Under Scalia’s view, for example, state governments are free to abolish the death penalty, to regulate the economy, to provide welfare, to prohibit invocations at public events, to allow abortion up to the moment of birth, to redefine marriage to include same-sex couples, and to enact a right to assisted suicide. What Scalia objected to was the living-constitutionalist claim that the Constitution somehow required states to impose the progressive policy preference on most of these issues. (If that’s all that Purcell means by his difficult-to-decipher alternative claim that Scalia believed that the Constitution, “at a minimum, failed absolutely to support those who disagreed with him,” then his prose hardly deserves Segall’s praise for its supposed “laser-like precision.”)
As for the other two issues: I don’t know what it means to say that Scalia “believed wholeheartedly” in “the right to possess firearms.” But as a justice he swore to defend the Constitution, including the Second Amendment. It’s clear from Segall’s review that Purcell believes that District of Columbia v. Heller was wrongly decided. That’s too large a topic for me to address here. Suffice it to say that there are plenty of Second Amendment scholars who agree with Scalia’s opinion in that case.
On “affirmative action” (aka racial preferences): Segall asserts that “complete color-blindness” is “a non-textual, anti-historical judge-invented principle.” But as early as 1880—a mere twelve years after ratification of the Fourteenth Amendment—the Supreme Court in Strauder v. West Virginia read the Fourteenth Amendment as “declaring that the law in the States shall be the same for the black as for the white; that all persons, whether colored or white, shall stand equal before the laws of the States, and, in regard to the colored race, for whose protection the amendment was primarily designed, that no discrimination shall be made against them by law because of their color.” And of course the first Justice Harlan famously declared in his dissent in Plessy v. Ferguson in 1896: “Our constitution is color-blind.”

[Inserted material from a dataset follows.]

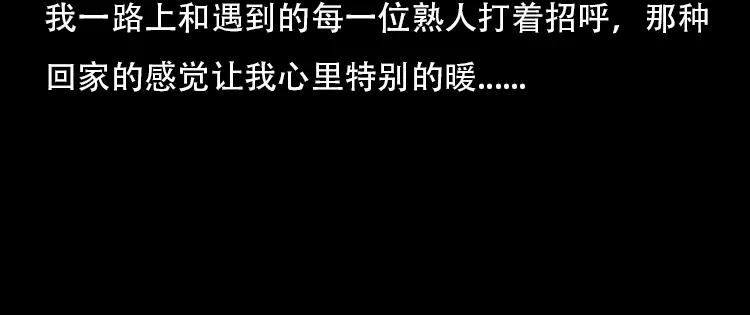 《三老爷诡事会》红布袋 第9页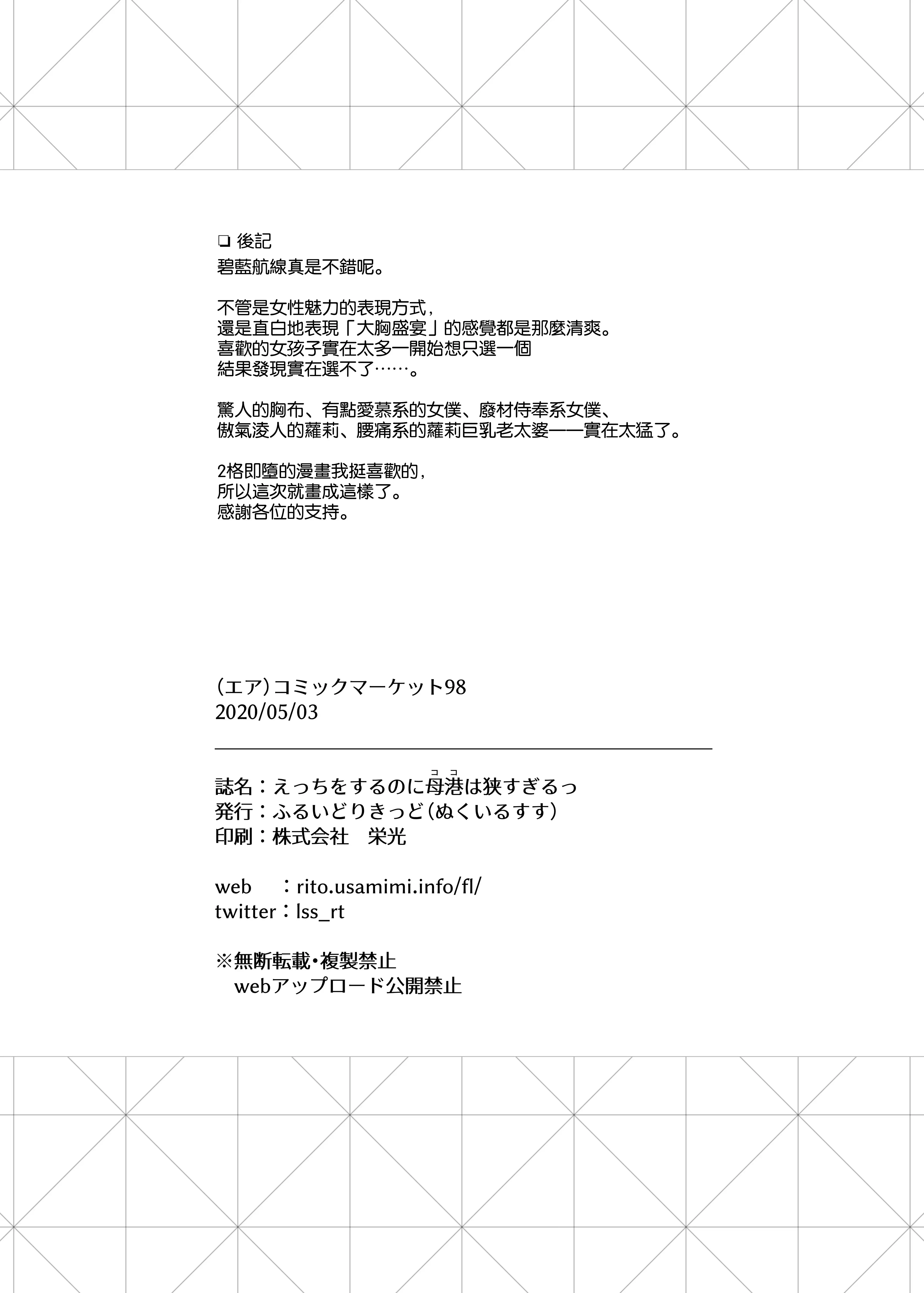 [ふるいどりきっど (ぬくいるすす)] えっちをするのに母港は狭すぎるっ! (アズールレーン) [中文免費禁漫] 【瘋情動漫-免費A漫、禁漫、H漫】完本、單行本H漫 21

In any event, even if you think that Scalia was wrong on these two issues, the notion that Scalia was as much a living constitutionalist as any other justice is patently false.
2. In what Segall, damning with ardent praise, calls “one of Purcell’s best paragraphs,” Purcell writes:
[Scalia] was far more openly and overtly political than any of his predecessors. A good number of those predecessors had continued their political involvements in varying ways and degrees while on the Court, but none had pushed their political and partisan views into the public arena as freely, continuously, and emphatically as Scalia did. His countless writings, public speeches, and media appearances commonly lent support to the agenda of the political right, and together with his much heralded public work on behalf of the Federalist Society—the Republican Party’s acknowledged judicial and administrative employment agency—they made his personal political and social allegiances vividly apparent.

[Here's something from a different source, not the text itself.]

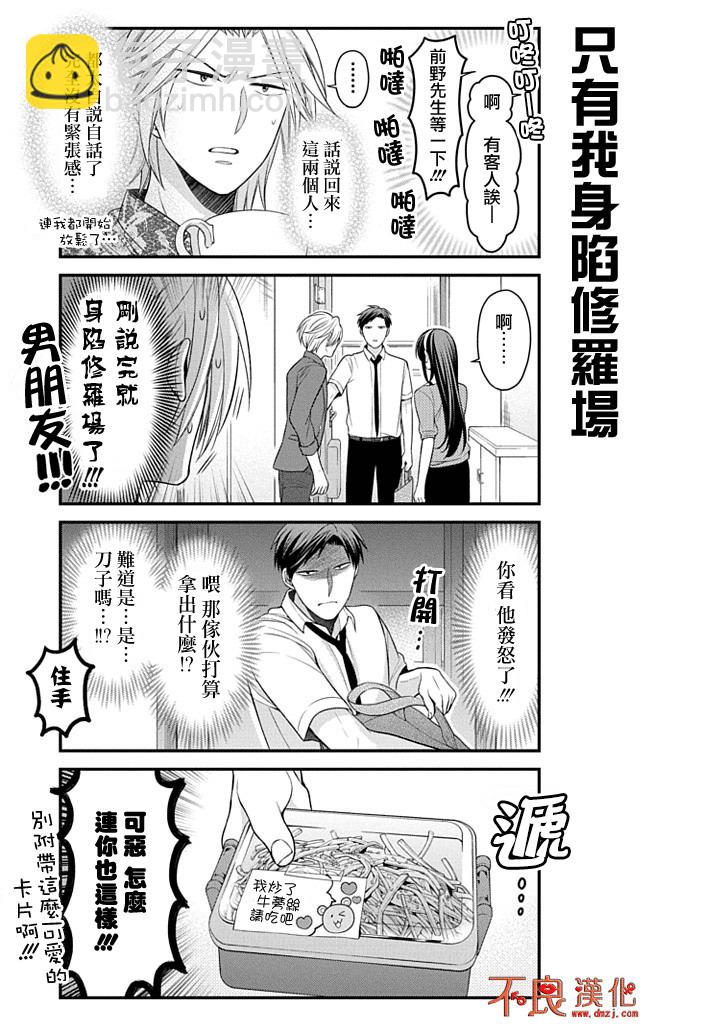 第91话6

This entire paragraph seems to rest on Purcell’s same mistaken conflation of Scalia’s judicial philosophy with his putative “political and partisan views.” If you’re looking for a justice who was “openly and overtly political” to an unprecedented degree, perhaps you’d consider the justice who, in the midst of a presidential campaign, publicly said that she “can’t imagine what the country would be” if one of the contenders prevailed and who condemned that contender as “a faker” who “has no consistency about him” and “says whatever comes into his head at the moment.”